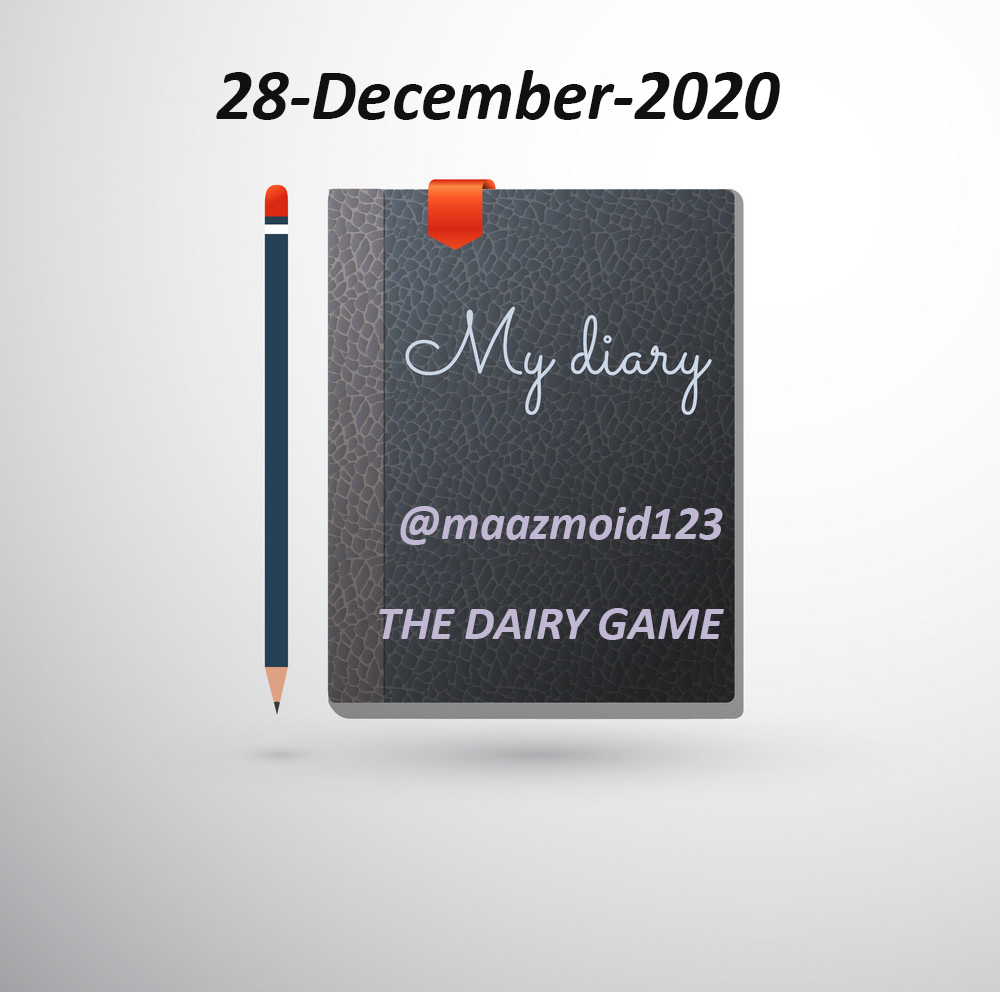 Diary.jpg
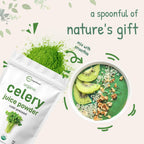 Organic Celery Powder Detox Blood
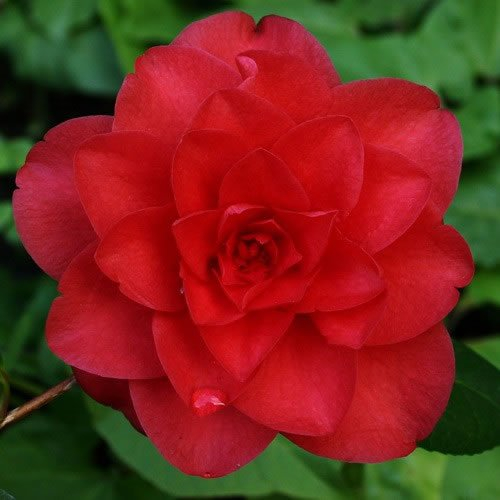 1 X Camellia Japonica 'Black TIE' Evergreen Shrub Hardy Plant in Pot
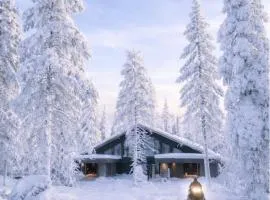 Villa Blackreindeer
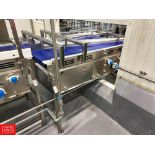 5' x 3' S/S Framed, 2-Lane Conveyor with S/S-Clad Drive (Subject to Bulk Bidding)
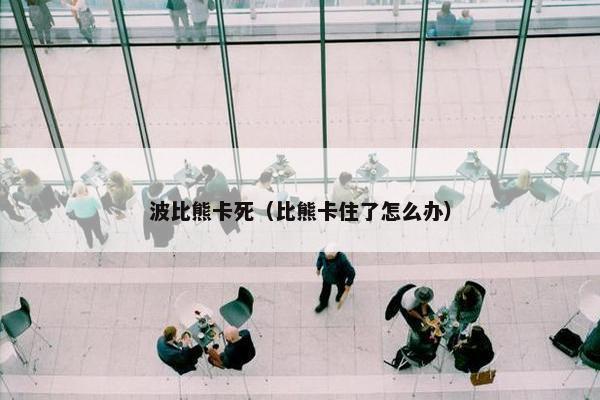 波比熊卡死（比熊卡住了怎么办）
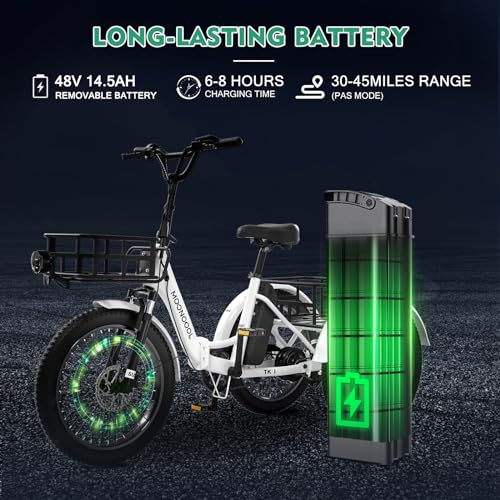 LILYPELLE Electric Trike for Adults, 500W Folding Electric Tricycle Electric Trike, 3 Wheel Electric Bicycle Motorized Three Wheel Ebike with Large Basket for Women Men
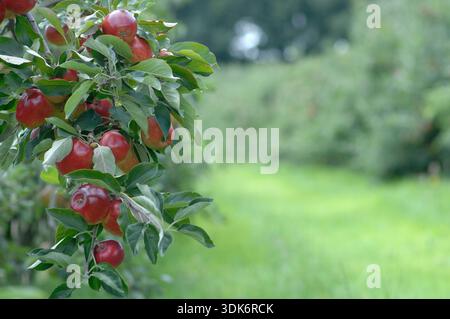 APPLES ON TREE Stock Photo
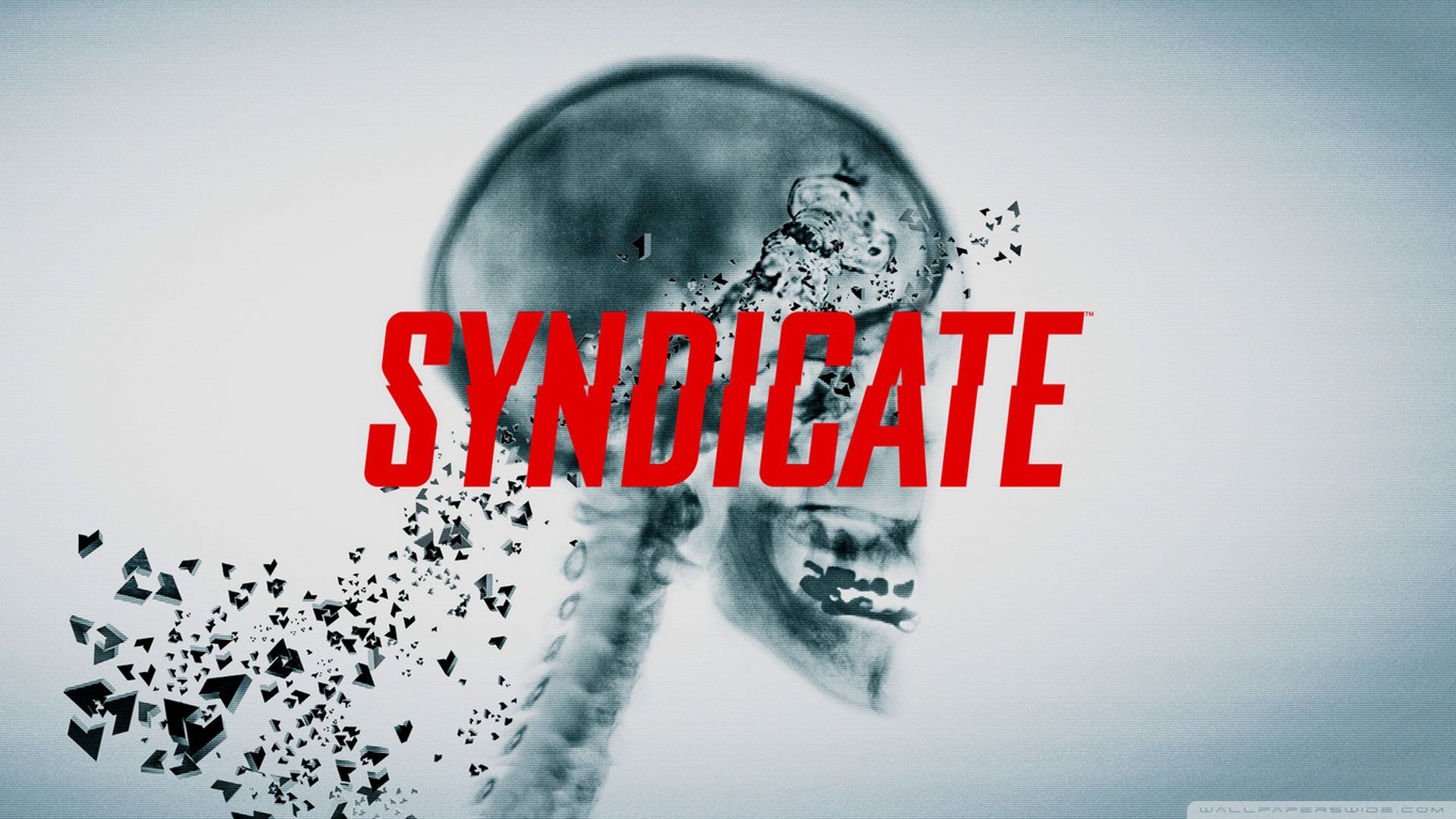 Syndicate Wallpapers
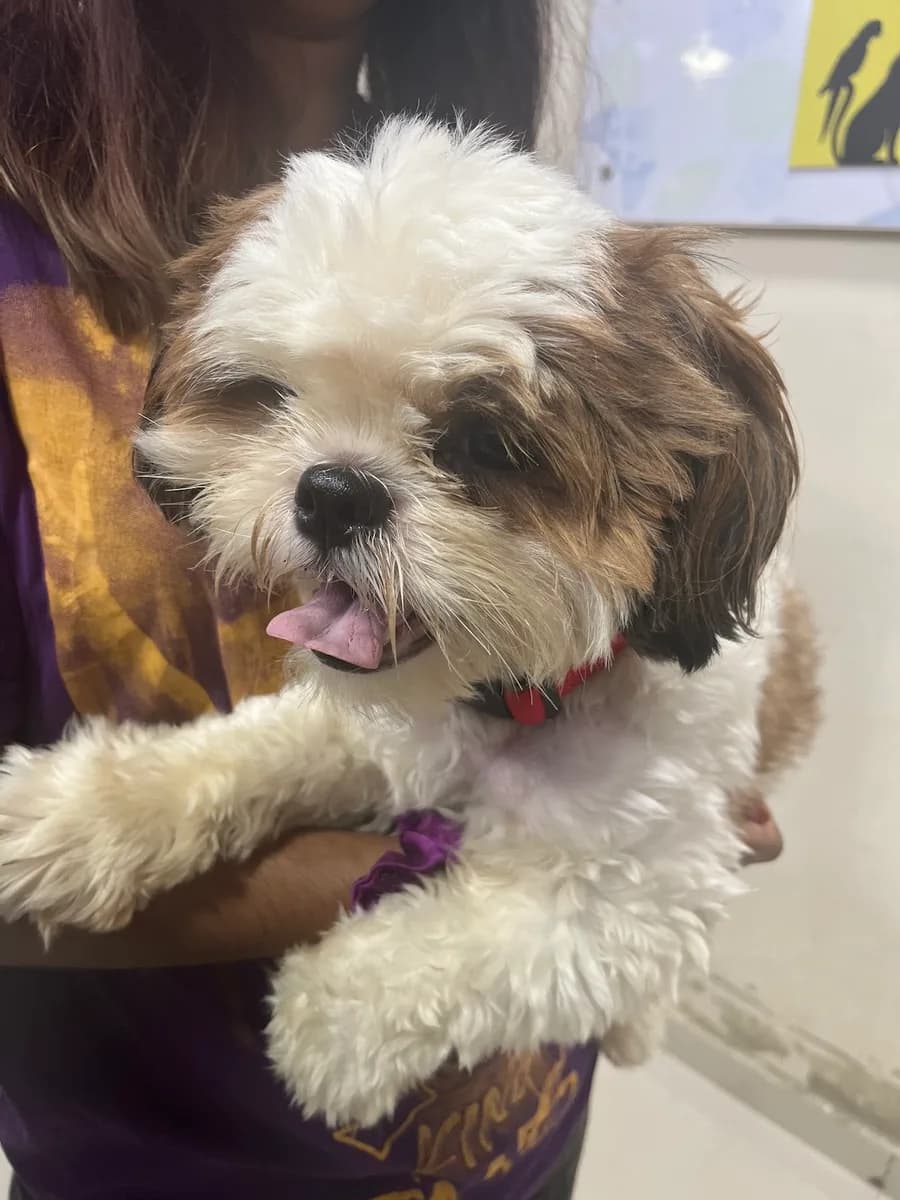 Cessna Lifeline Veterinary Hospital - Domlur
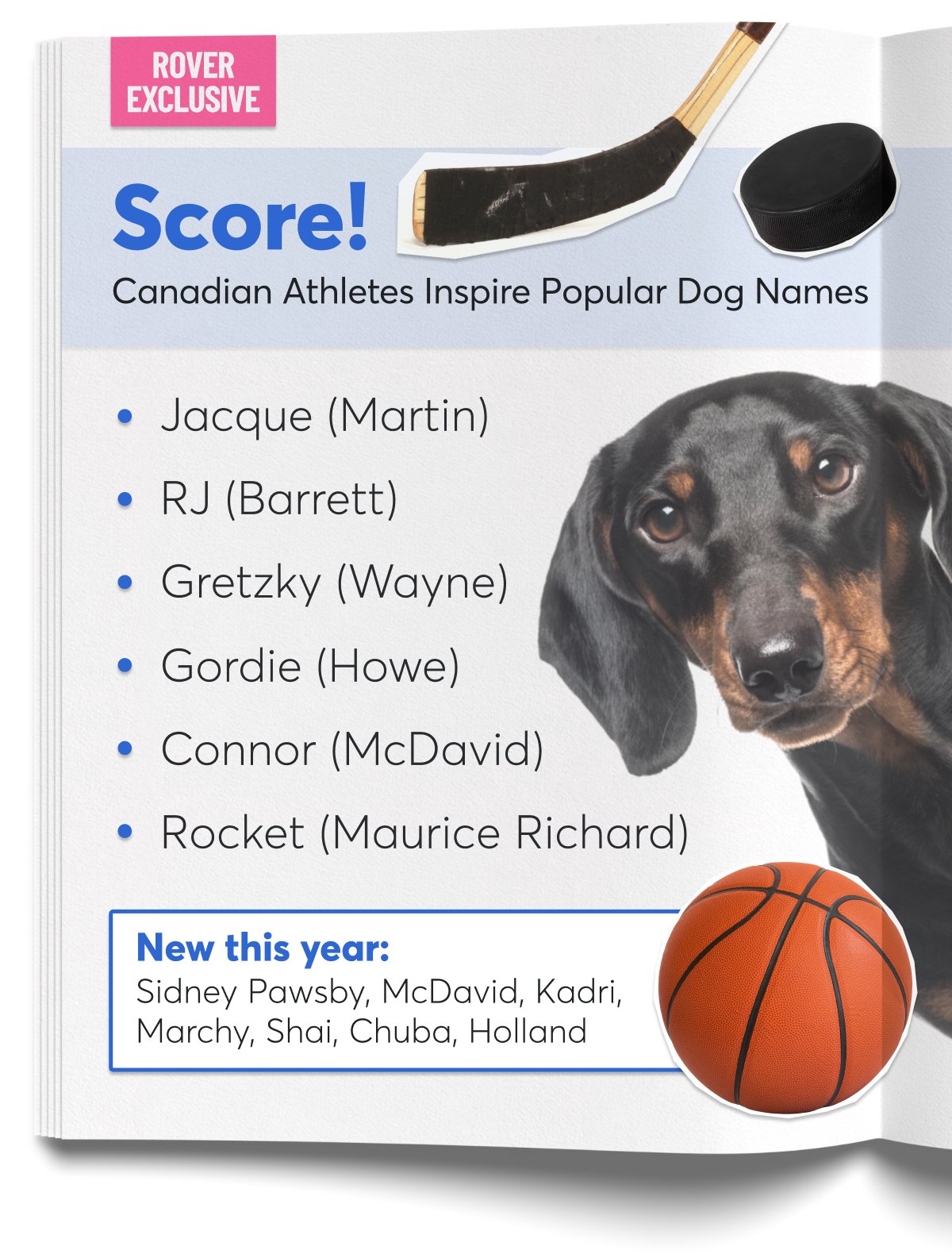 A dog with a basketball next to a list of sports-inspired dog names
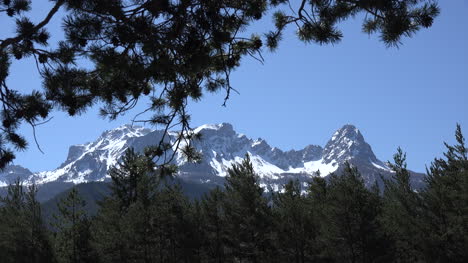 France-Pine-Branches-Above-A-Cirque-On-A-Mountain-Near-Barcelonnette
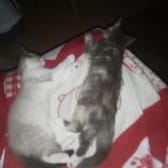 photo de profil de LuNaTiK_donordt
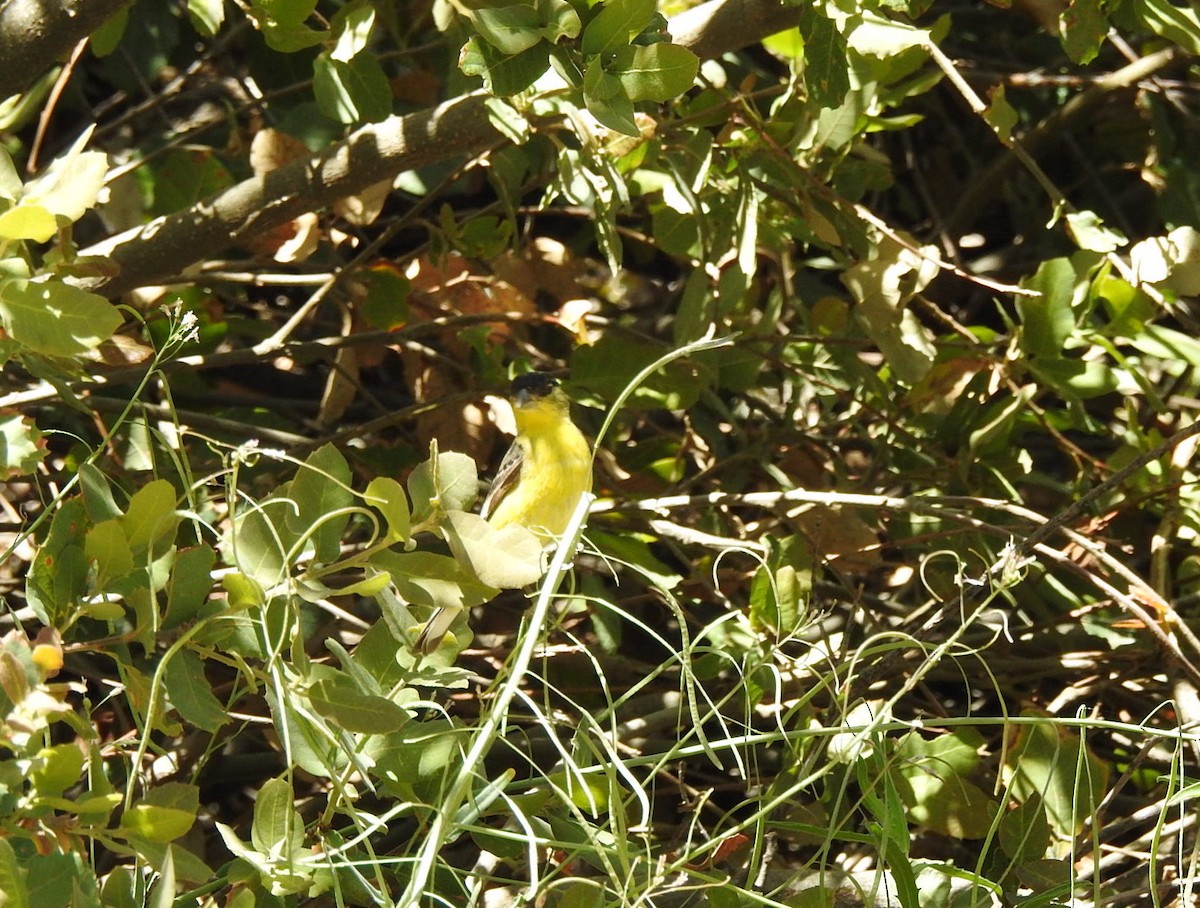 Lesser Goldfinch - ML569372201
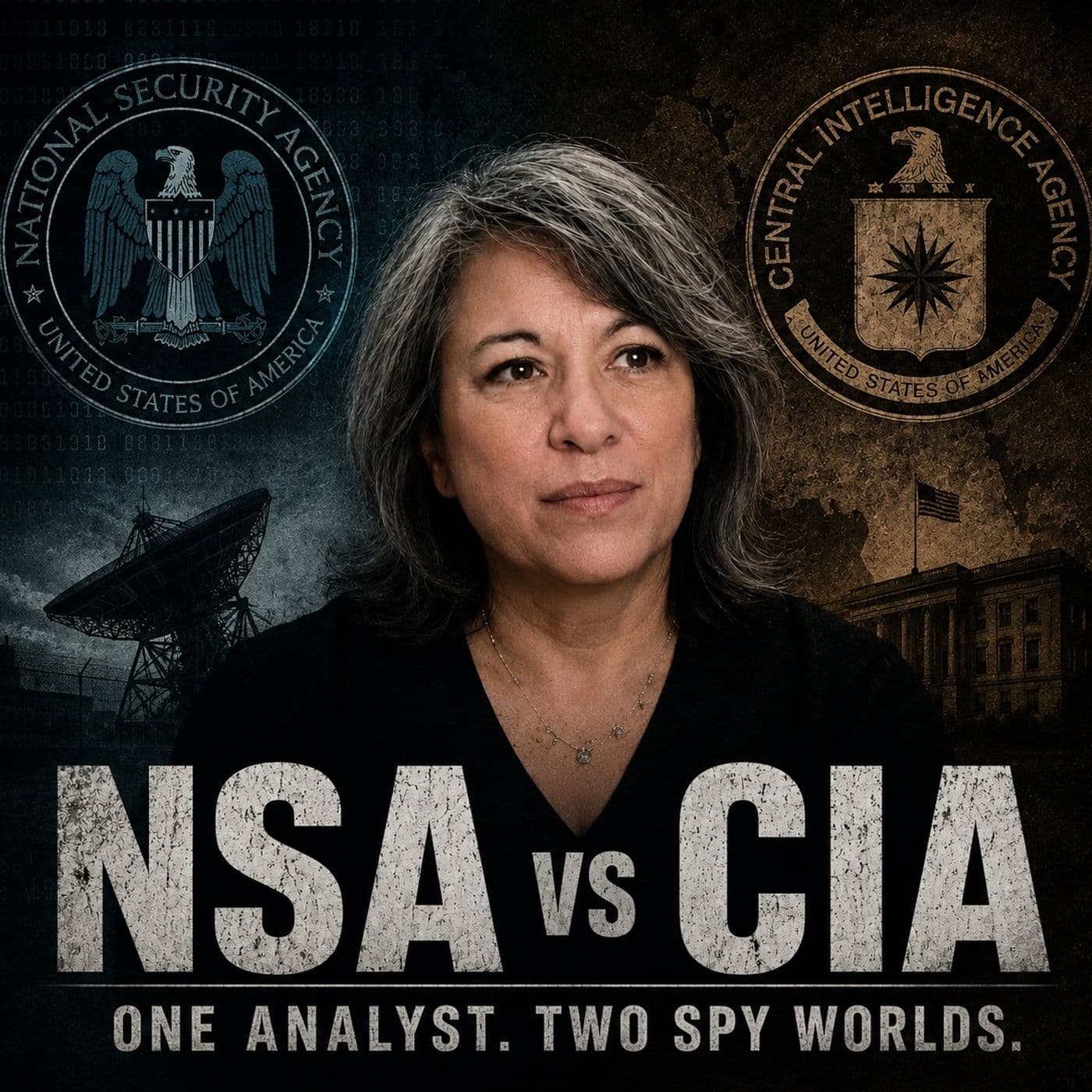 NSA vs CIA: A Former Analyst Explains the Difference | Alma Katsu artwork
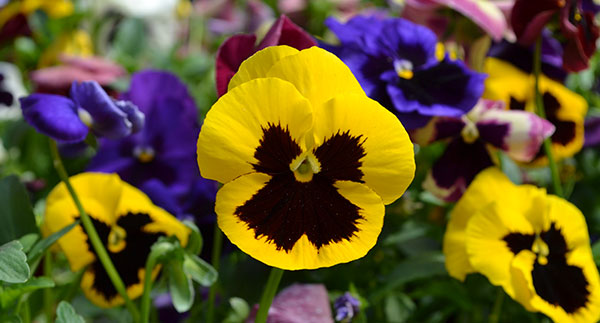 What to do in the Garden this Month: April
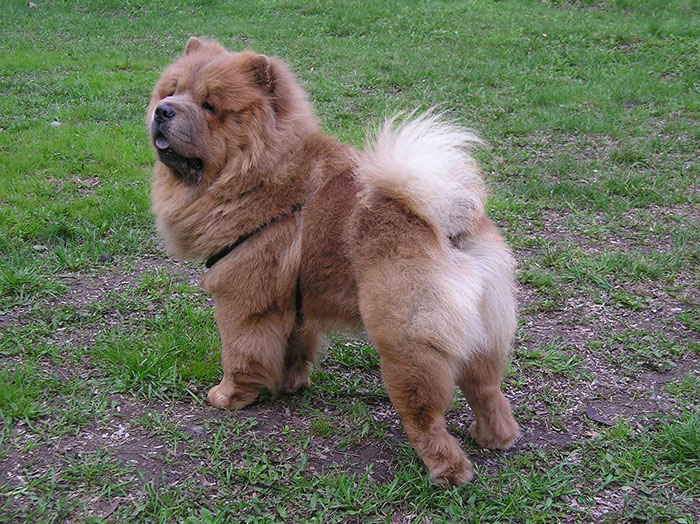 Chow Chow - dans la nature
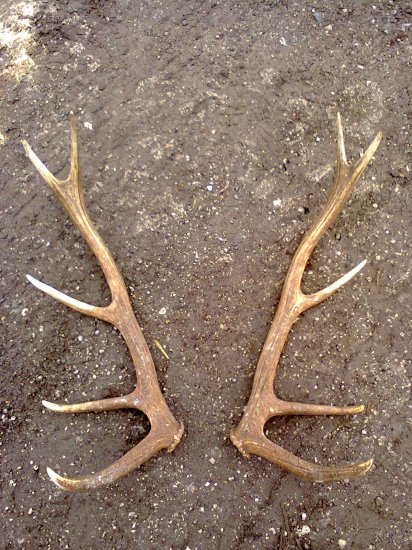 Sezona 2014 začala = 10 torák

AIM OF THE EXERCISE:
Return, exactly as they stand, the lines above from the one with "APPLES ON TREE Stock Photo" to the one with "Chow Chow - dans la nature", omitting any pictures among them.

RESPONSE TO THE EXERCISE:
 APPLES ON TREE Stock Photo
 Syndicate Wallpapers
 Cessna Lifeline Veterinary Hospital - Domlur
 A dog with a basketball next to a list of sports-inspired dog names
 France-Pine-Branches-Above-A-Cirque-On-A-Mountain-Near-Barcelonnette
 photo de profil de LuNaTiK_donordt
 Lesser Goldfinch - ML569372201
 NSA vs CIA: A Former Analyst Explains the Difference | Alma Katsu artwork
 What to do in the Garden this Month: April
 Chow Chow - dans la nature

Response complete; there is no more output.